**Supplied entries**
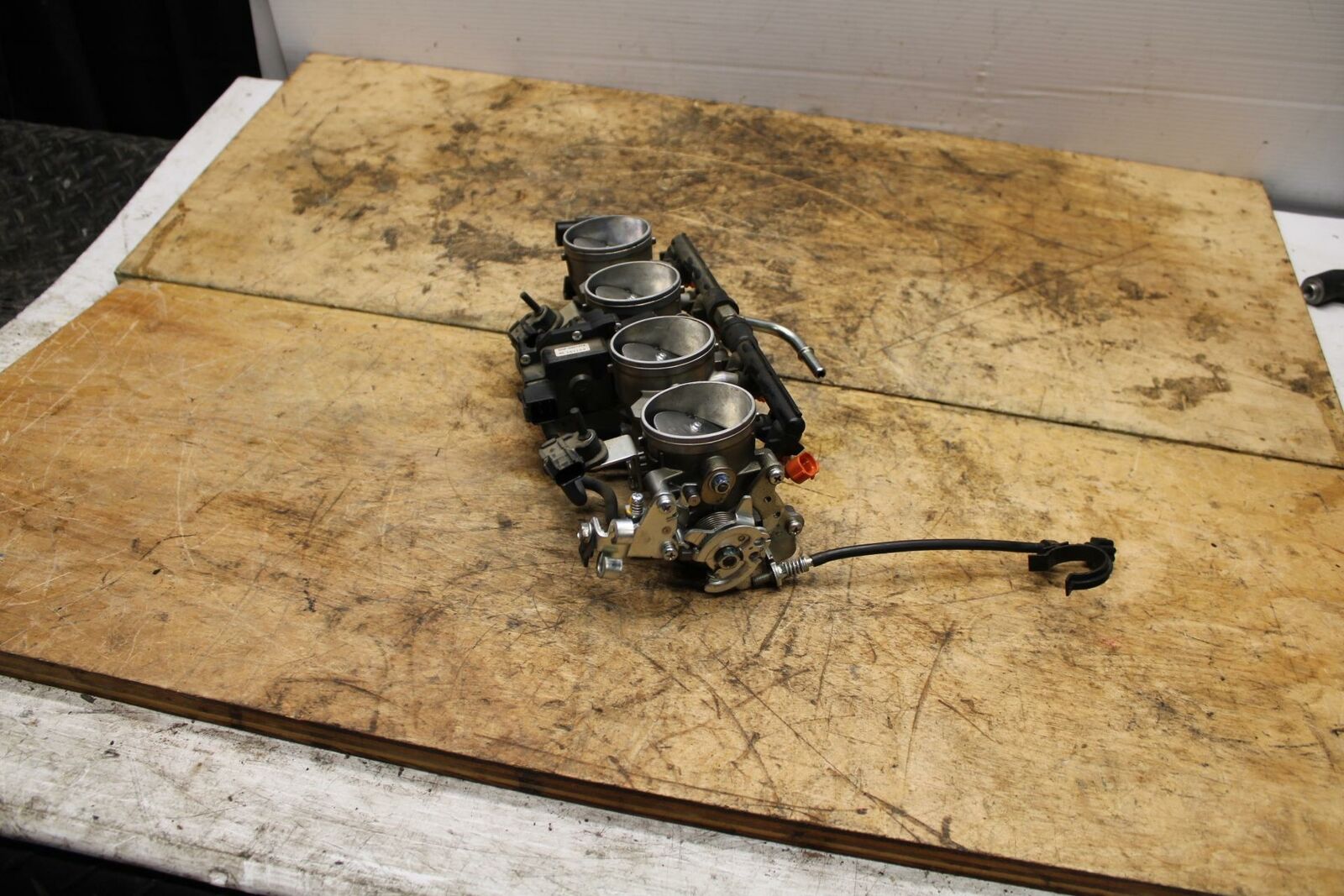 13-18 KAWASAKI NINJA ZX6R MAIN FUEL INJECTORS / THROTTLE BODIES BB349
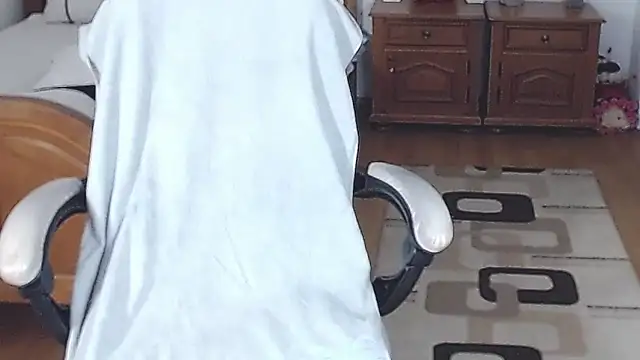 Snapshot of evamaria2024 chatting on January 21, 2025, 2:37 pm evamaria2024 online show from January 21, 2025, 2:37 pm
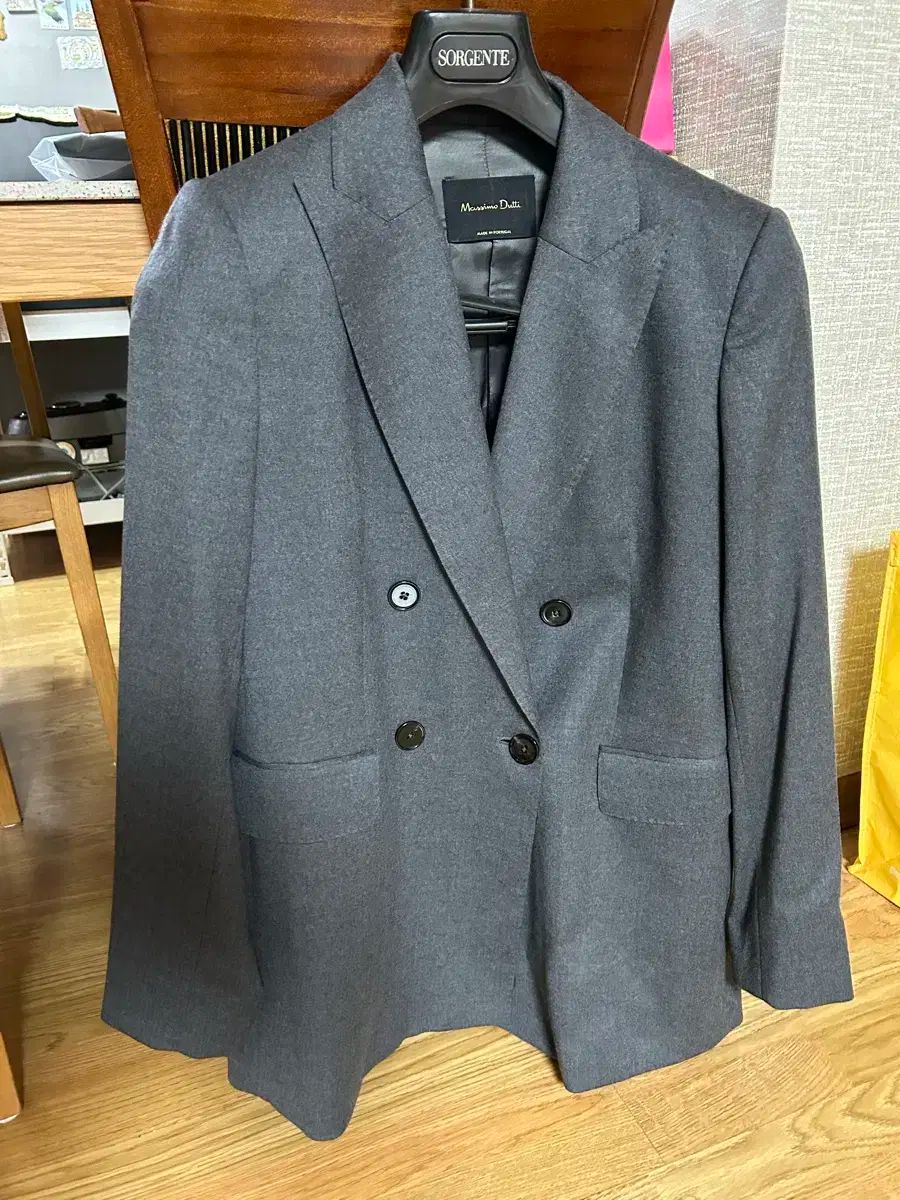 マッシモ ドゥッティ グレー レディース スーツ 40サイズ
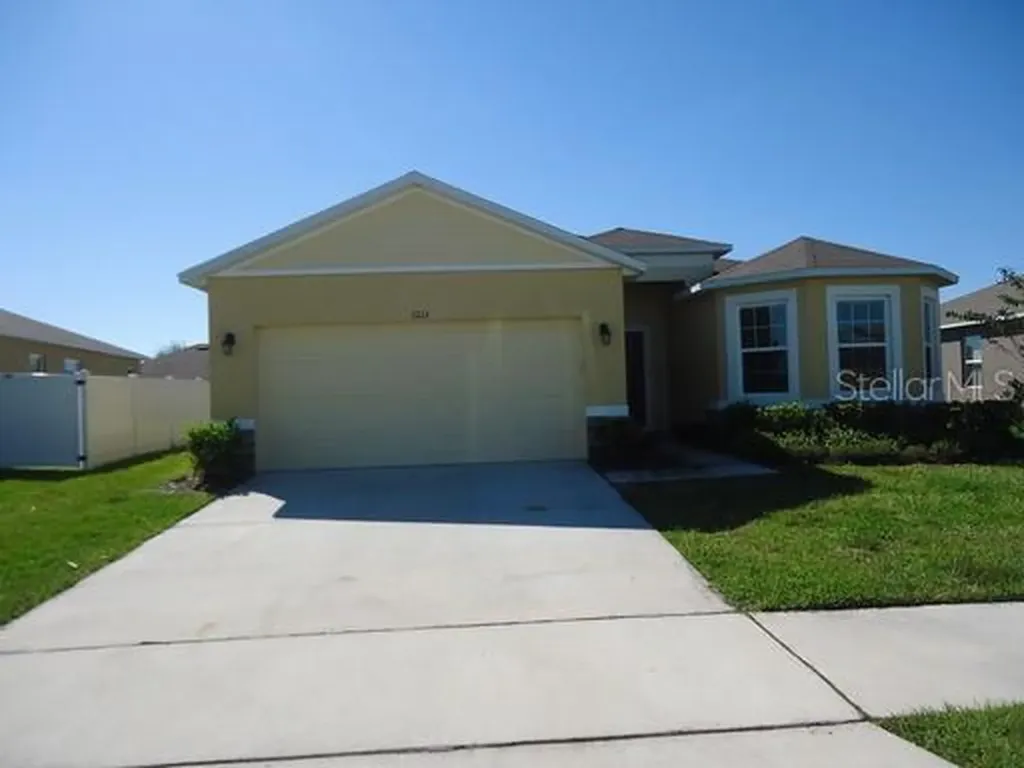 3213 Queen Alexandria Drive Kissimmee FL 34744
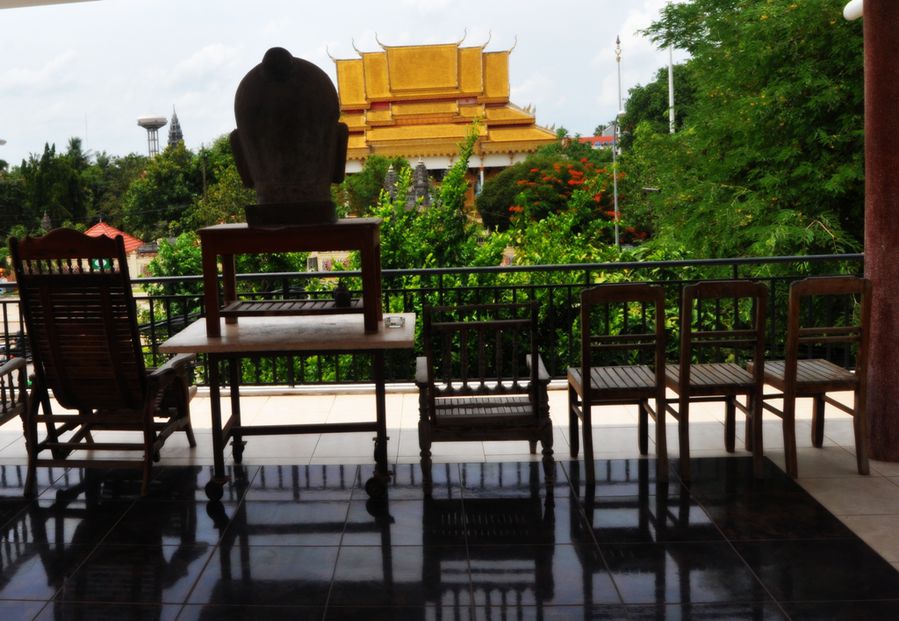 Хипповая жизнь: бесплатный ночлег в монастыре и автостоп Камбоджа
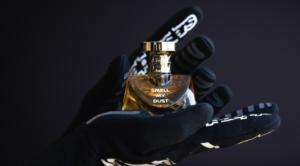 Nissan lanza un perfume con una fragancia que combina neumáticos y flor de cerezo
...
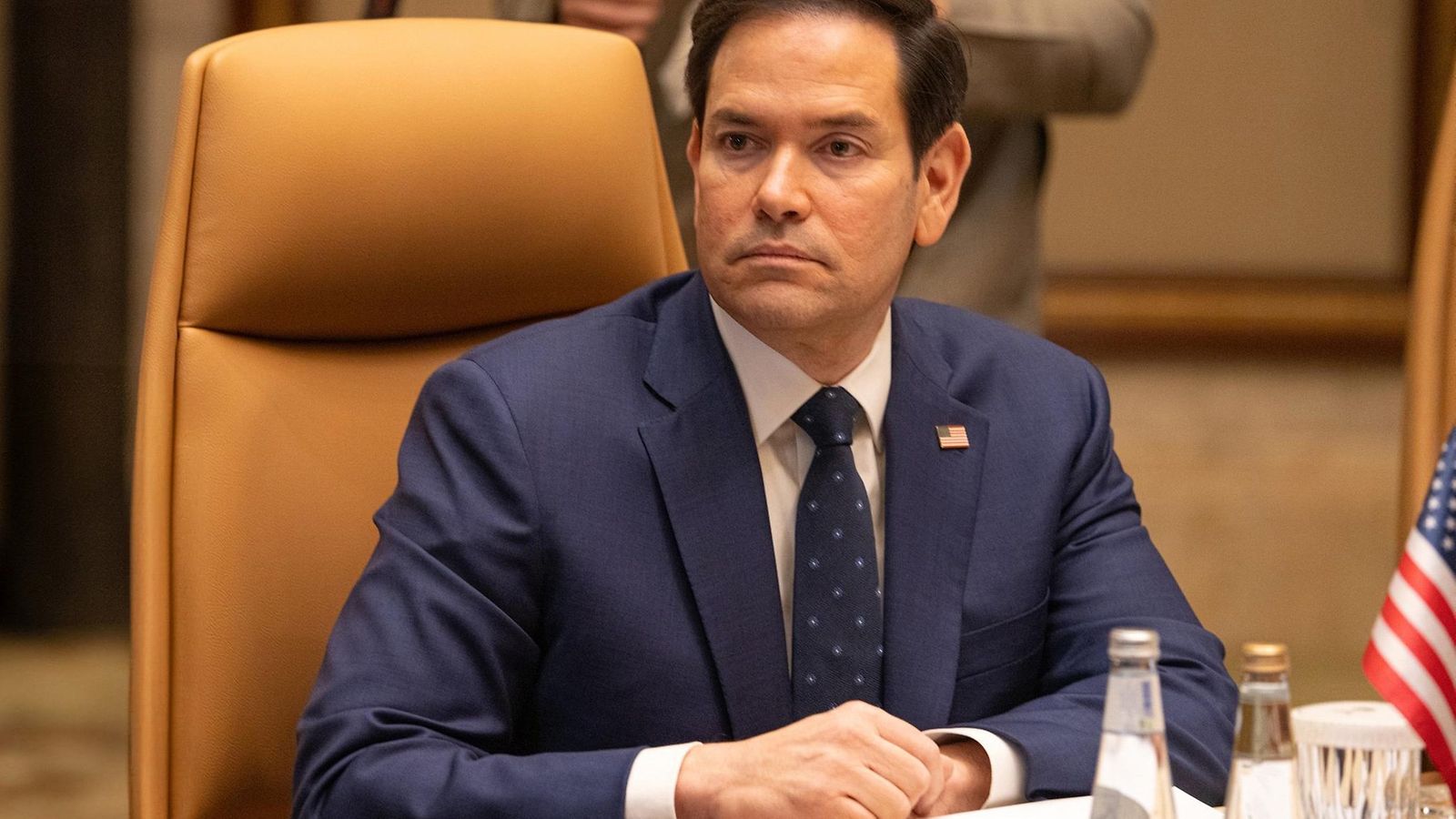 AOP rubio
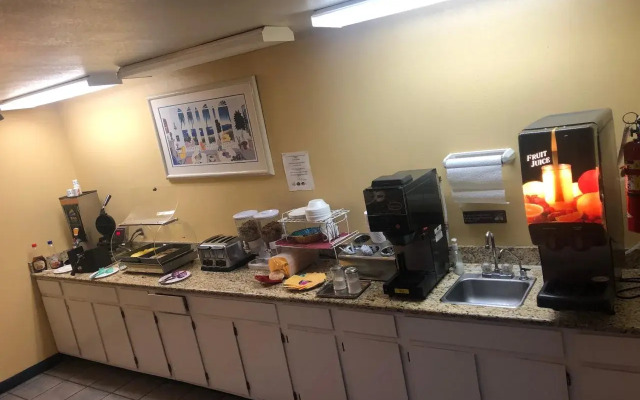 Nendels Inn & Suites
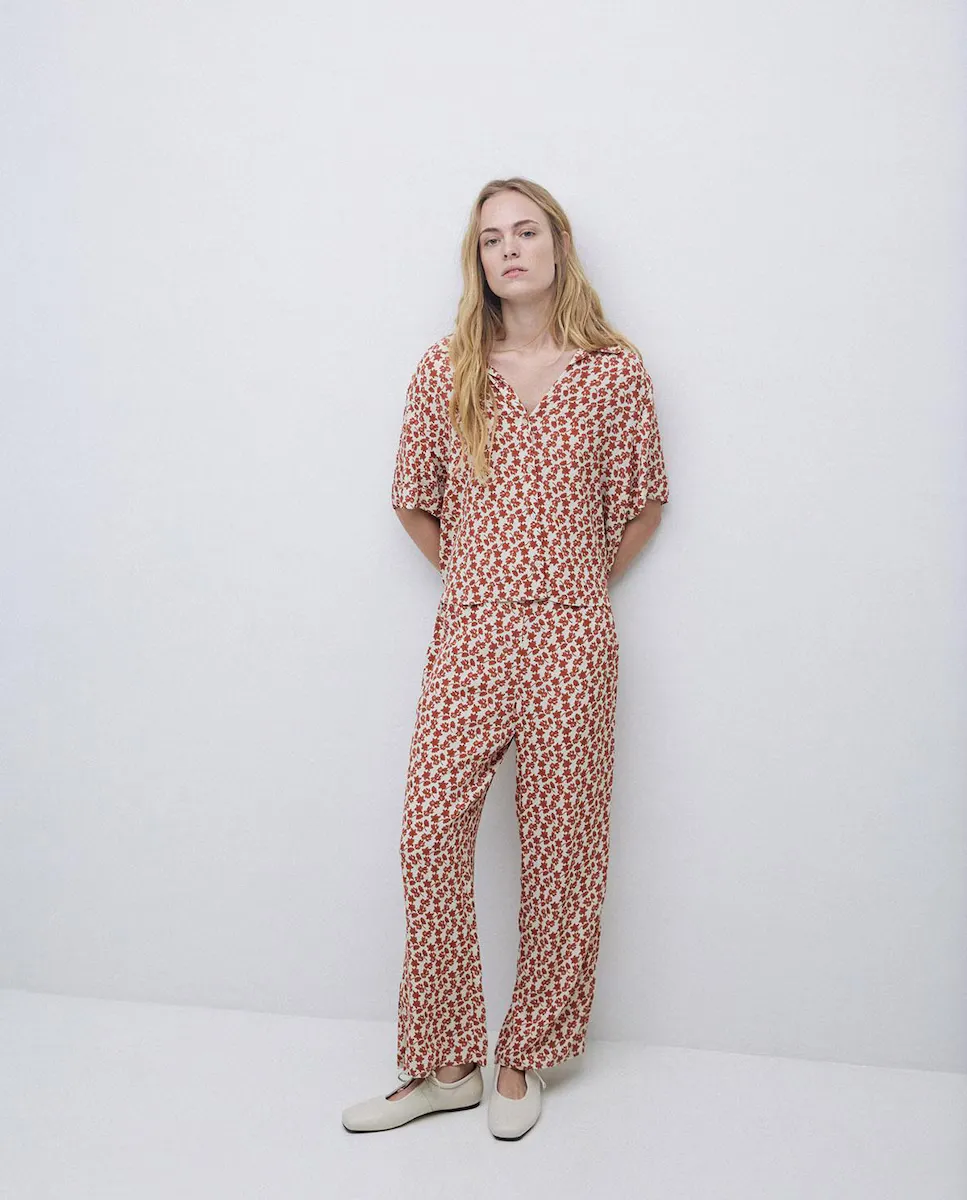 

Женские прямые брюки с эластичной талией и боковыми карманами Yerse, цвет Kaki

**Assignment**
Above are the records. Copy word for word only their lines from the one holding "Snapshot of evamaria2024" through the one holding "Nissan lanza un", both included, and skip the images.

**Problem solution**
 Snapshot of evamaria2024 chatting on January 21, 2025, 2:37 pm evamaria2024 online show from January 21, 2025, 2:37 pm
 マッシモ ドゥッティ グレー レディース スーツ 40サイズ
 3213 Queen Alexandria Drive Kissimmee FL 34744
 Хипповая жизнь: бесплатный ночлег в монастыре и автостоп Камбоджа
 Nissan lanza un perfume con una fragancia que combina neumáticos y flor de cerezo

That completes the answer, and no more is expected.